There is spiritual wisdom in being reconciled to God quickly. While we are alive, there is hope for forgiveness of sin and salvation. After death, it will be too late to be reconciled to God. Therefore, let us not sleep, let us not slumber, until we have peace with God. All who continue in a guilty state of hostility to God, are continually exposed to being arrested by His justice to receive the most dreadful instances of His wrath.

The irresponsible behavior of King David was arrested when the Word of the Lord came to him through the prophet Nathan saying,

“Thou are the man who has done evil.”

The wrath of God fell on David’s household.

A child died.

A son rebelled.

A kingdom was divided (2 Samuel 12:7-13).

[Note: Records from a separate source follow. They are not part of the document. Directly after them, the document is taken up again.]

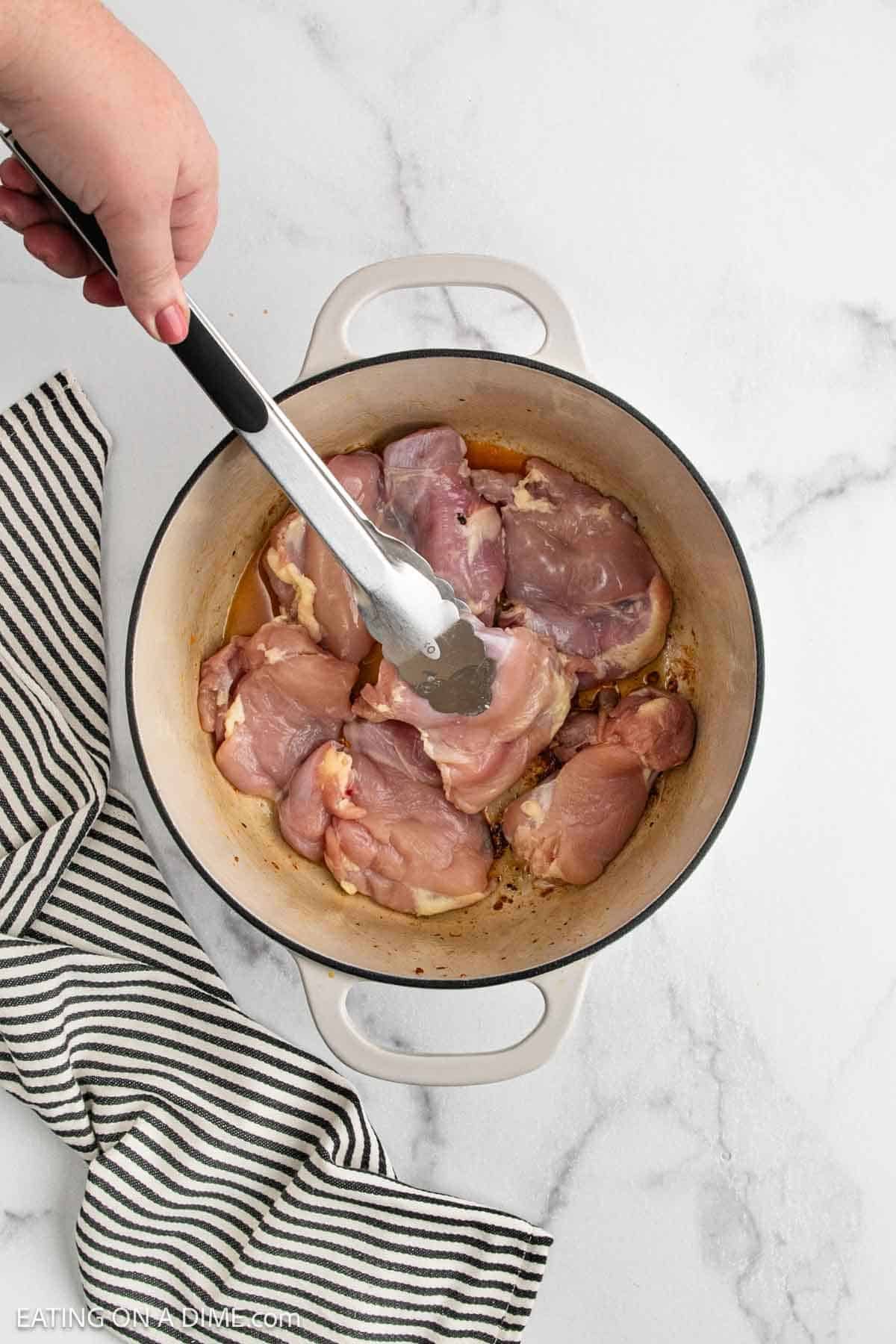 Hand using tongs to place raw chicken thighs into a white Dutch oven on a marble countertop, prepping ingredients for a delicious Chicken Gumbo Recipe, with a black and white striped towel nearby.
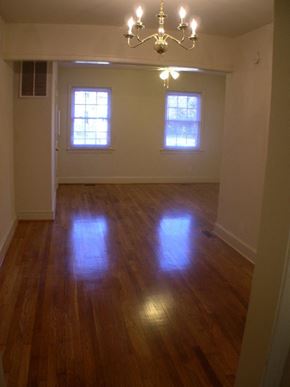 Washington apartment for rent - A room with a chandelier and two windows.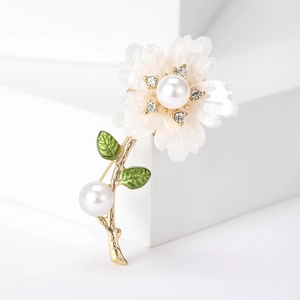 Close-up of daisy brooch with white pearls and sparkling rhinestones on gold stem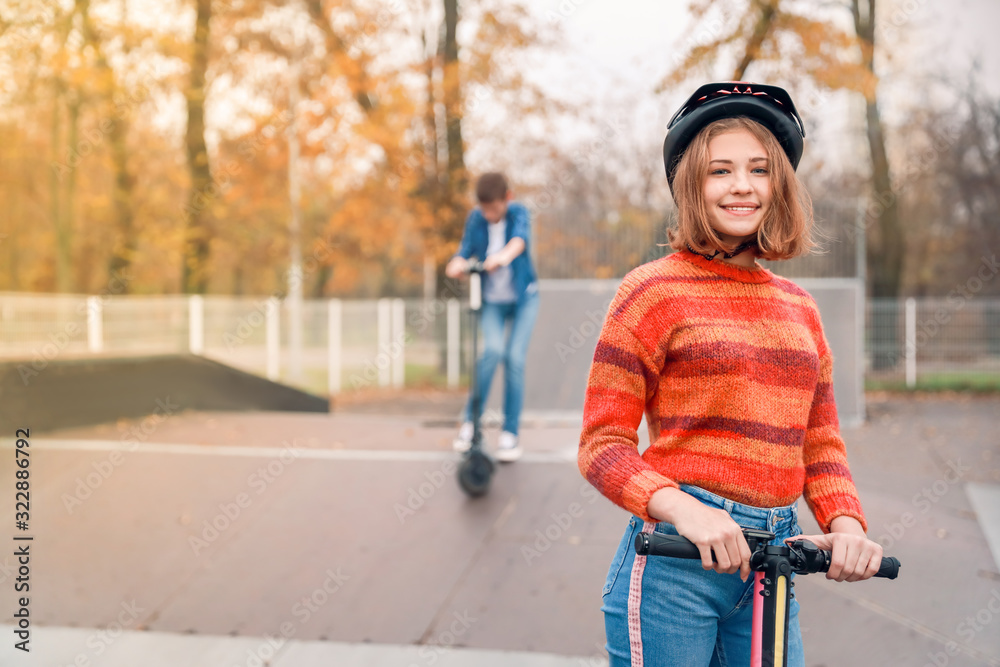 青少年女孩在滑冰公园骑脚踏滑板车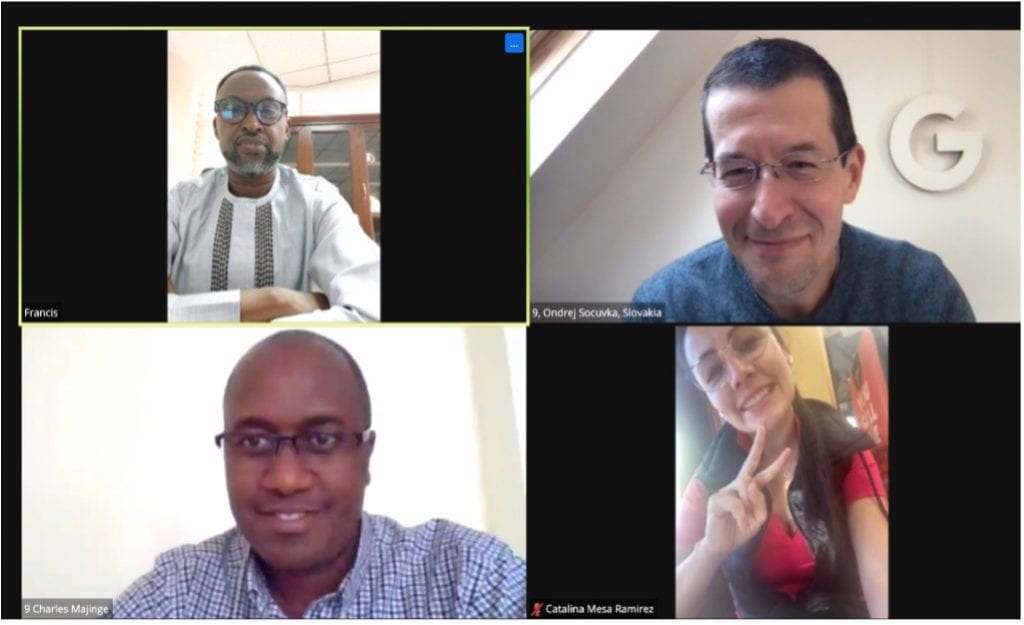 screen capture of team on zoom call.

After Jesus was taken into custody by the Temple Guard in the Garden of Gethsemane, the conscience of Judas Iscariot was arrested. He had betrayed the Lord of Glory.

The wrath of God fell on the man who would have been better off if he had never been born.

Judas found a rope, and hung himself.

His body dropped down over a cliff, and split open.

His intestines spilled out (Acts 1:18).

In the resurrection, Judas will meet Jesus again, face to face. But this time, there will be no kiss of betrayal. Judas will be face to face with Jesus as the the Judge, for all judgment is committed to the Son (John 5:22). Though Jesus is rejected by guilty men, women, and young people, as Saviour, He cannot be escaped as their Judge. We read in the Revelation how people will one day say

“to the mountains and rocks, Fall on us, and hide us from the face of Him that sitteth on the throne, and from the wrath of the Lamb: 17 For the great day of his wrath is come; and who shall be able to stand?” (Rev. 6:16, 17)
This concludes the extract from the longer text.